Figures 1 to 8 are explanatory diagrams showing the structure and operation of a conventional general electric spring operating mechanism, and Figures 9 to 14.
The figure is an explanatory diagram showing the structure and operation of an embodiment of the present invention. In the figure, 33 is a ratchet wheel, 33a is a projection, 34 is a pawl, 35 and 36 are accumulating arms, 51 and 52 are foot levers, 53 is a reset lever, and 54 and 55 are set levers. In the drawings, the same reference numerals indicate the same or corresponding parts.

Claims (1)

[Claims] 1. A ratchet wheel having a protrusion on a part of its periphery, rotatably attached to the accumulating arm via a pawl attachment pin, biased counterclockwise by a spring, and forming an engaging protrusion and an abutting part. A set lever consisting of an L-shaped opposing lever member rotatably supported by a claw and the above-mentioned claw mounting pin, with a roller at one end and an oval hole at the other end, and a set lever that is rotatably connected to a power storage arm via a lever shaft.
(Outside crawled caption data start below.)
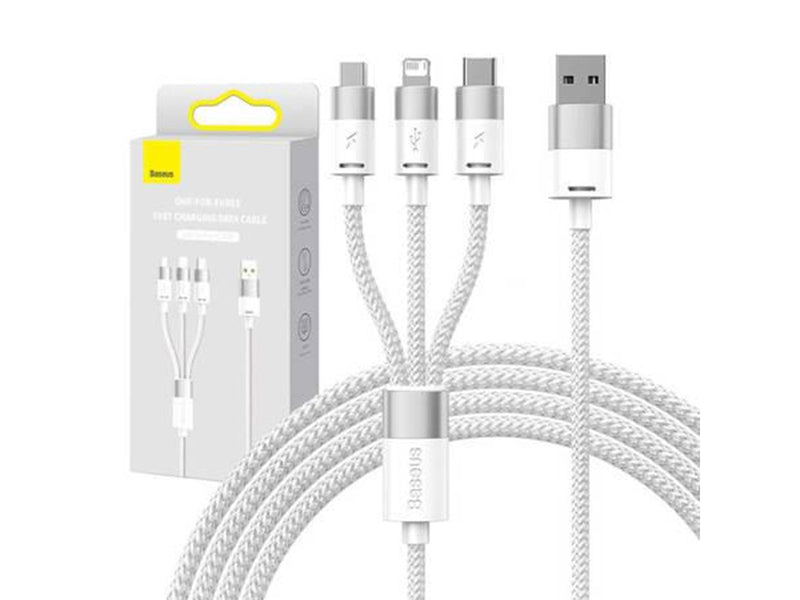 Baseus 3in1 USB cable  StarSpeed Series USB-C + Micro + Lightning 3.5A 1.2m (White)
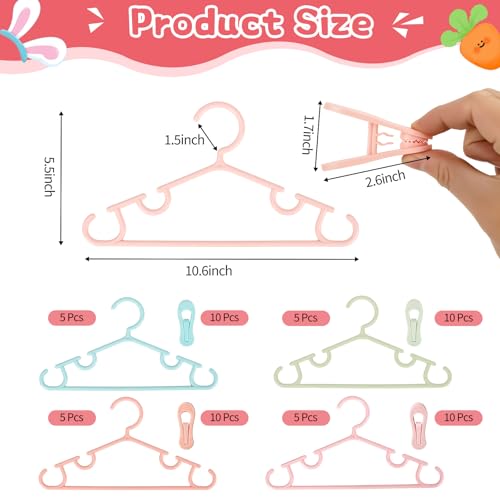 Baby Hangers w/Clips (20 Hangers & 40 Clips) Kids Clothes Hangers - color: Multicolor
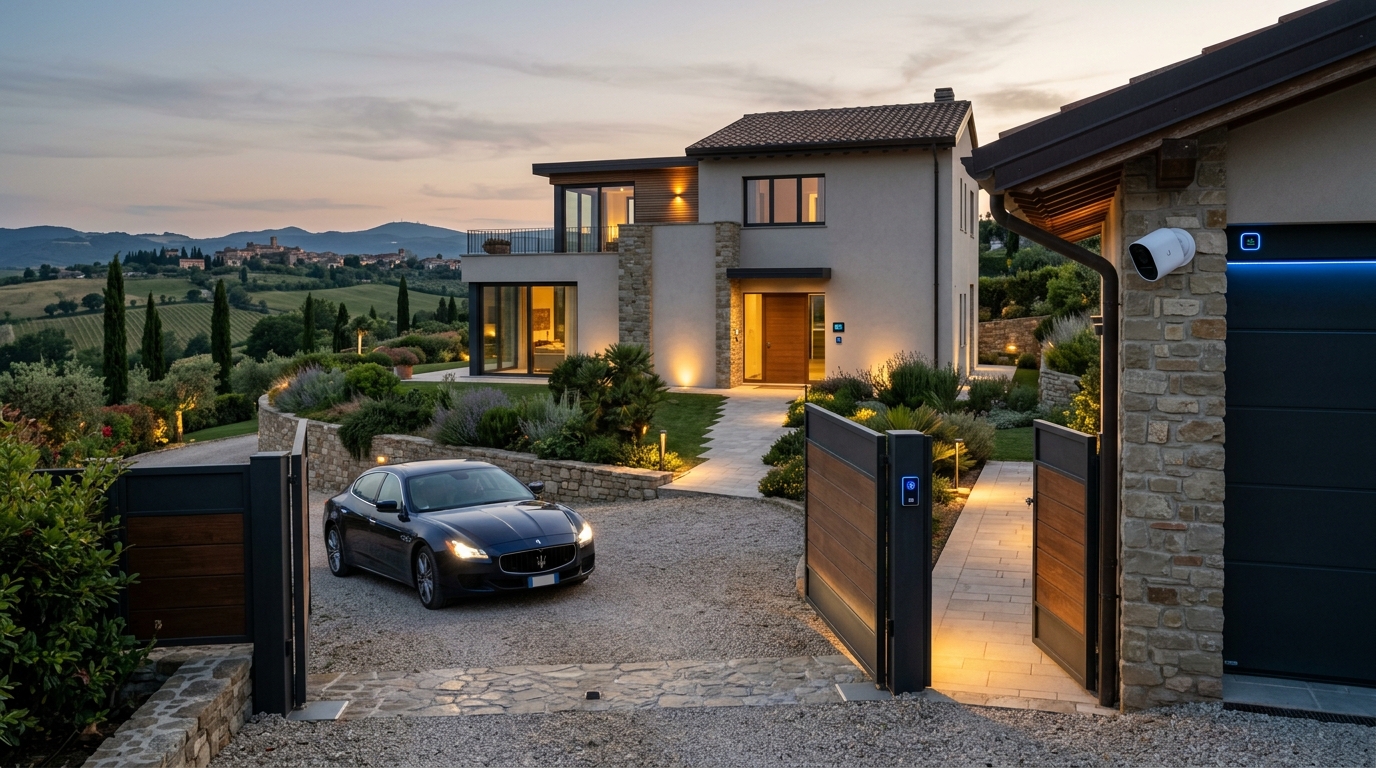 Casa e giardino smart con videosorveglianza, Wi-Fi e cancello automatico Ubiquiti UniFi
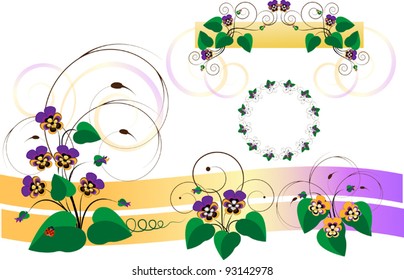 Frames, corners, bouquets of violets-pansy. Details.
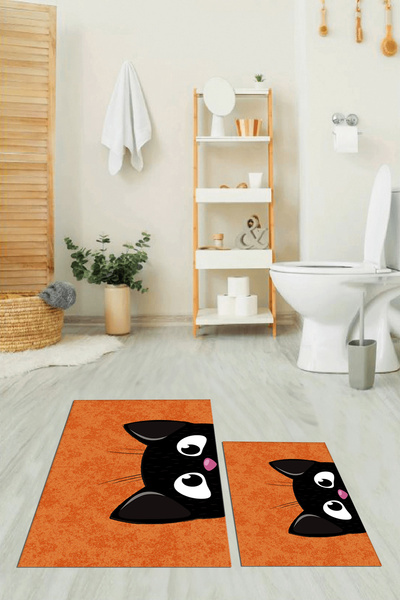 EY HOME με τύπωμα Σετ τουαλέτας με αντιολισθητικό χαλάκι μπάνιου με σχέδιο γά...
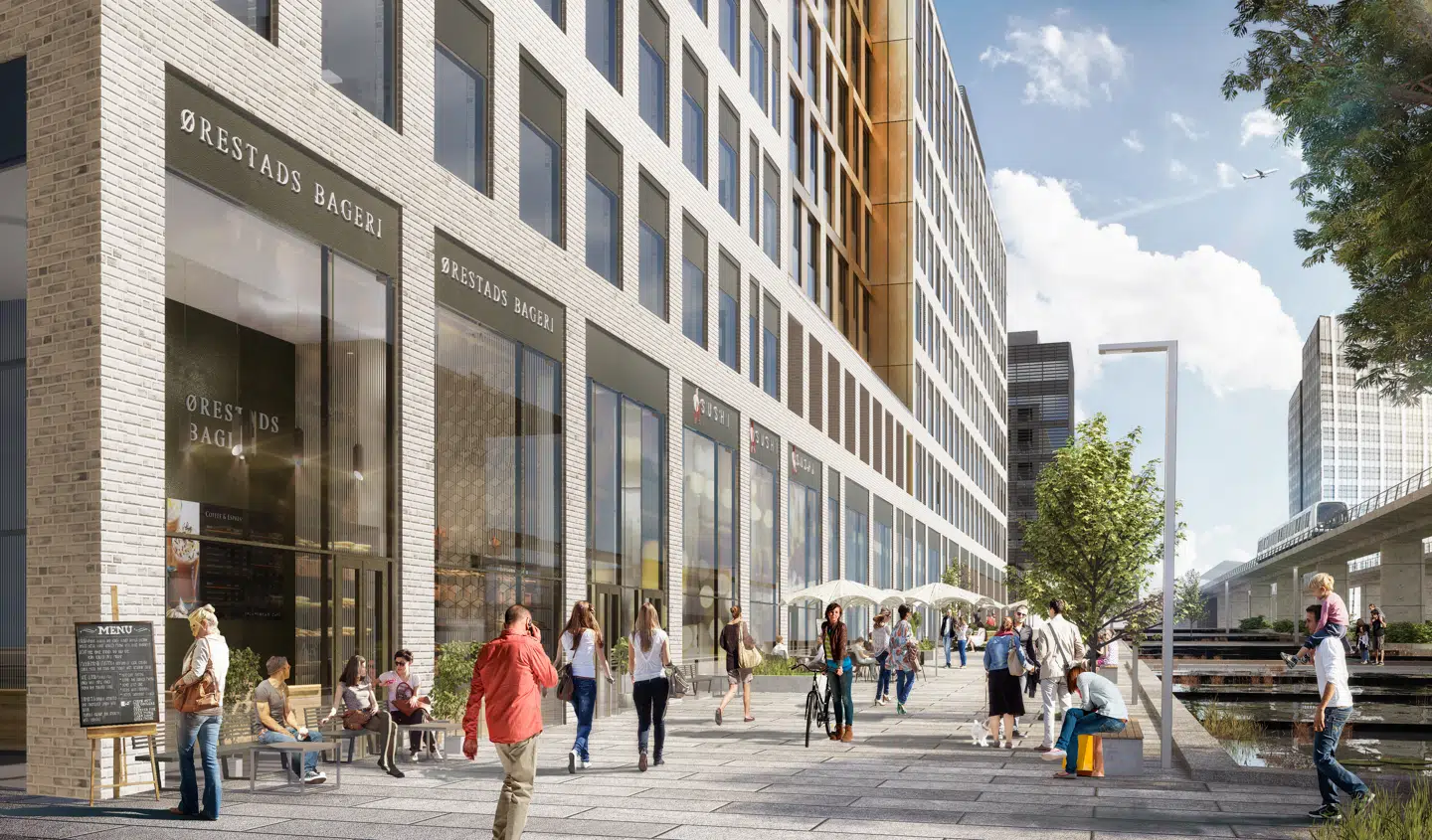 Man forbinder Ørestad med mange ting, men hygge er sjældent en af dem. Det vil KLP lave om på det. Sådan her forestille man sig hverdagen i den ejendom, selskabet er ved at opføre på Kay Fiskers Plads. Visualisering: KLP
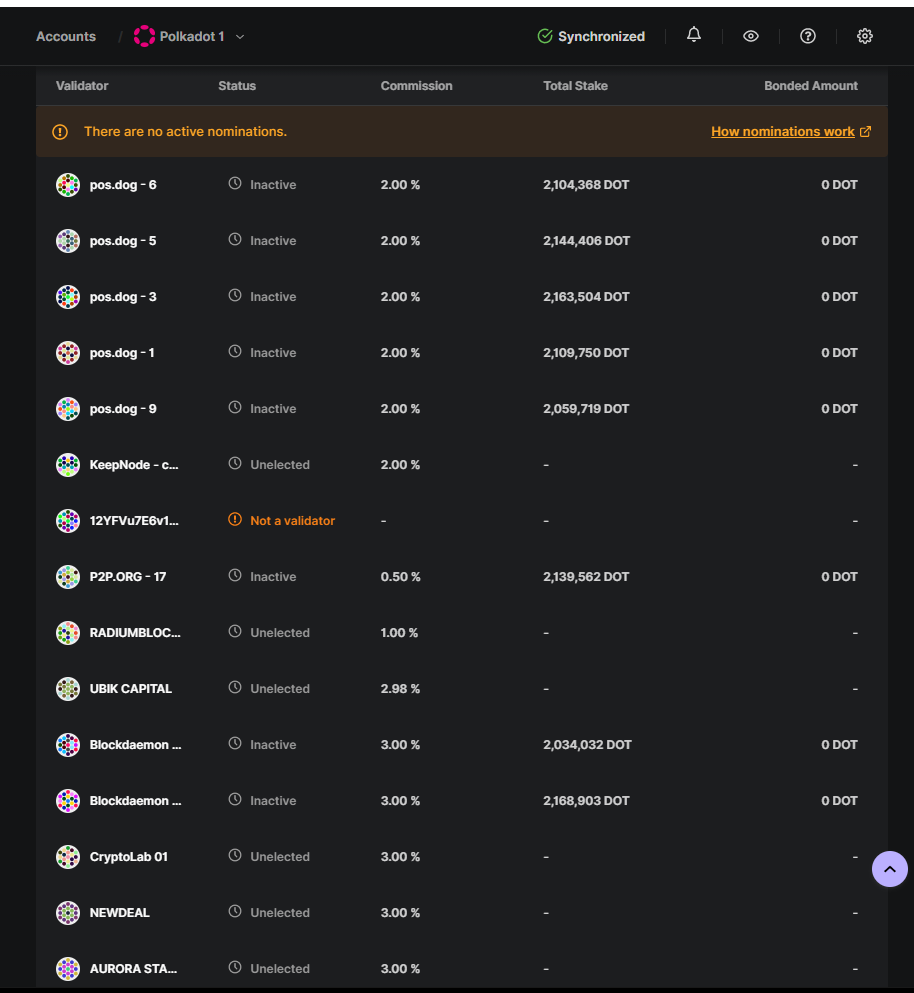 Ledger Live staking nominations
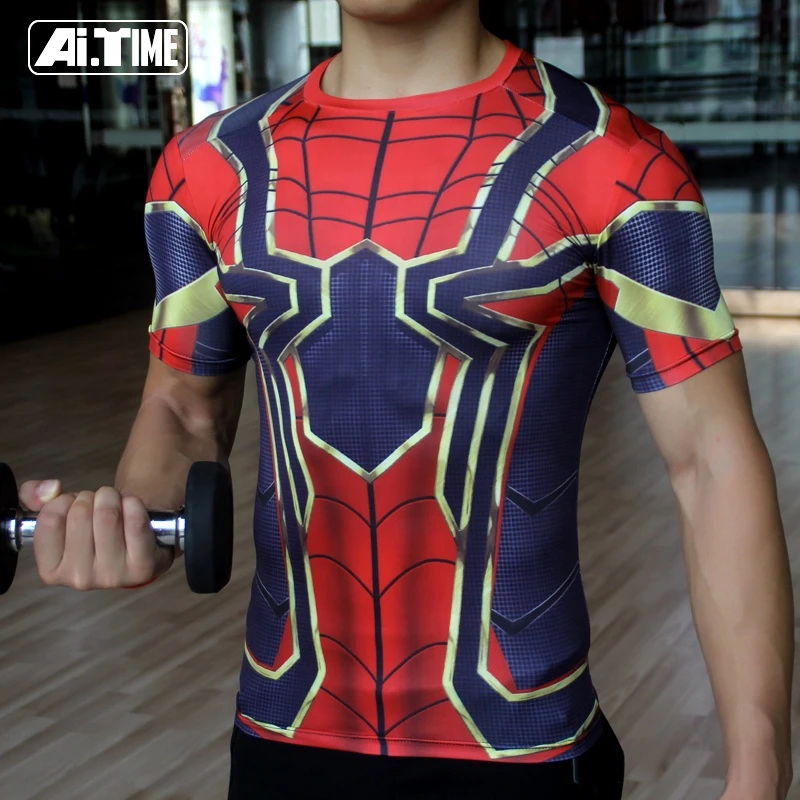 Mens sports fitness clothing Black-Panther Captain-America Spider-Man short-sleeved T-shirt gym tights cycling clothing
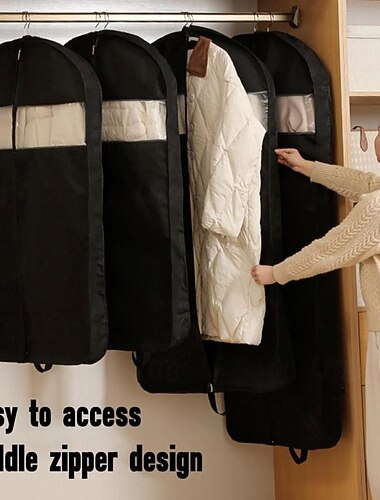  5 kpl roikkuvia vaatepusseja kirkkaalla ikkunalla, paksuja kuitukankaisia pukupeitteitä, pölytiiviitä vaatteiden säilytyspusseja vaatekaapille, takeille, jakuille ja untuvatakeille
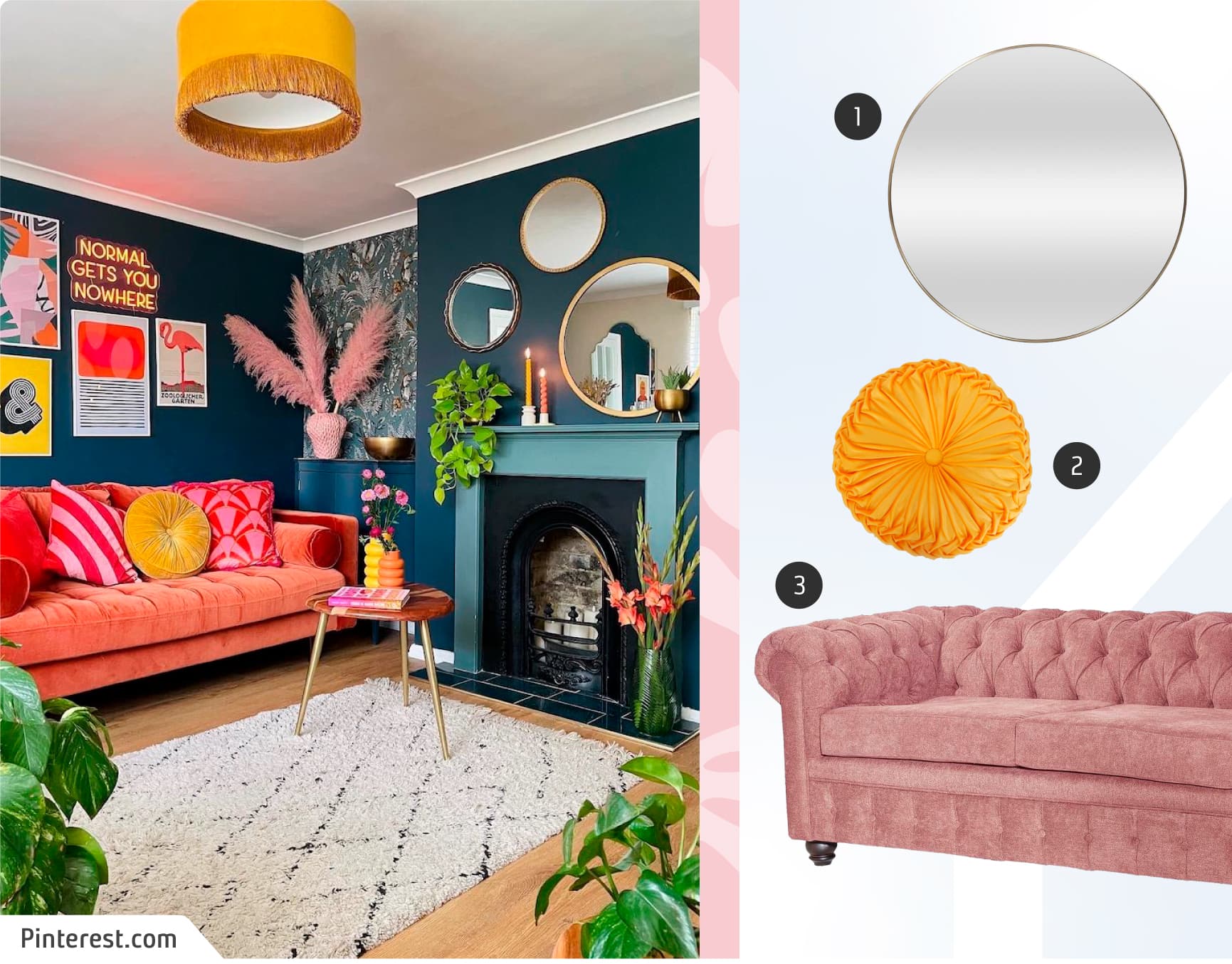 Moodboard de inspiración con una foto de una sala de estar maximalista, con muros verdes, cuadros de colores, espejos redondos; y junto a ella, un sofá rosado, cojín amarillo y un espejo redondo con marco dorado.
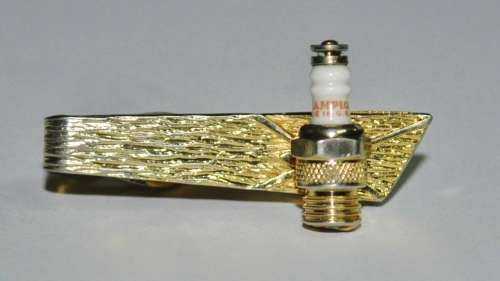 Vintage Gold Tone Tie Clip with Spark Plug Marked Champion Made in the USA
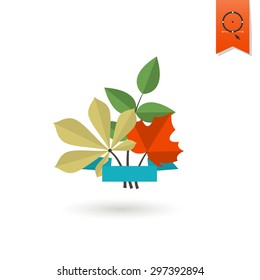 Leaves with Ribbon for Text. Single Flat Autumn Icon . Simple and Minimalistic Style. Vector
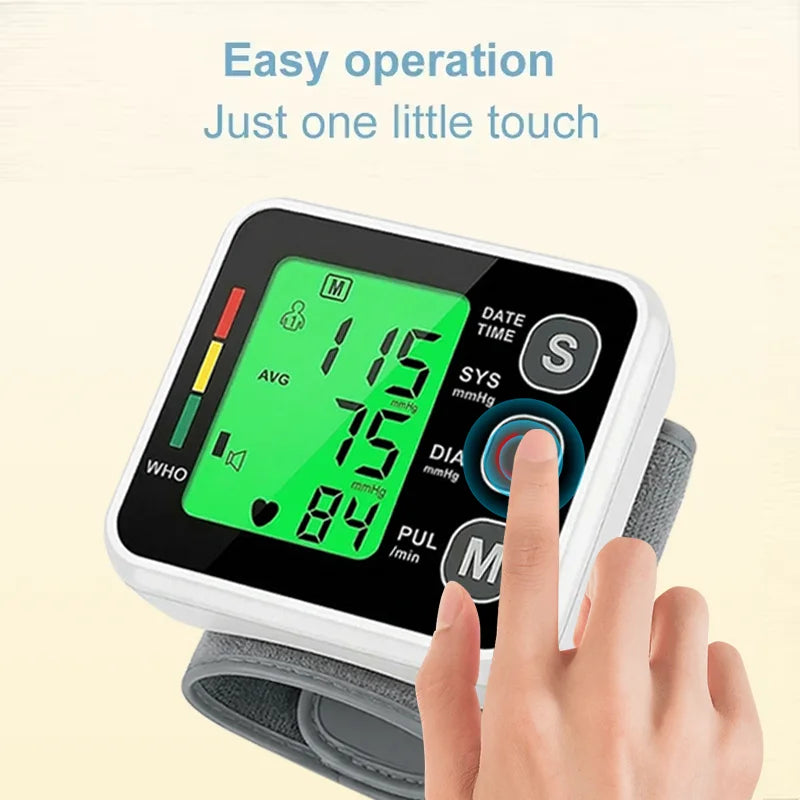 Portable LCD Wrist Blood Pressure Monitor Medical Digital Automatic Sphygmomanometer Heart Rate Pulse Mete Tonometer Health Care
It consists of L-shaped opposing lever members attached, a hook corresponding to the engaging protrusion of the pawl at one end, and an oval hole at the other end, and a cam-shaped groove rotatably supported by the lever shaft. and a reset lever forming an abutment portion facing the reset pin, a floating pin passing through an oval hole in the set lever/foot lever and a cam-shaped groove in the reset lever, and a spring for rotating the foot lever and the set lever in a clockwise direction. An electric spring operating mechanism for circuit breakers characterized by the following.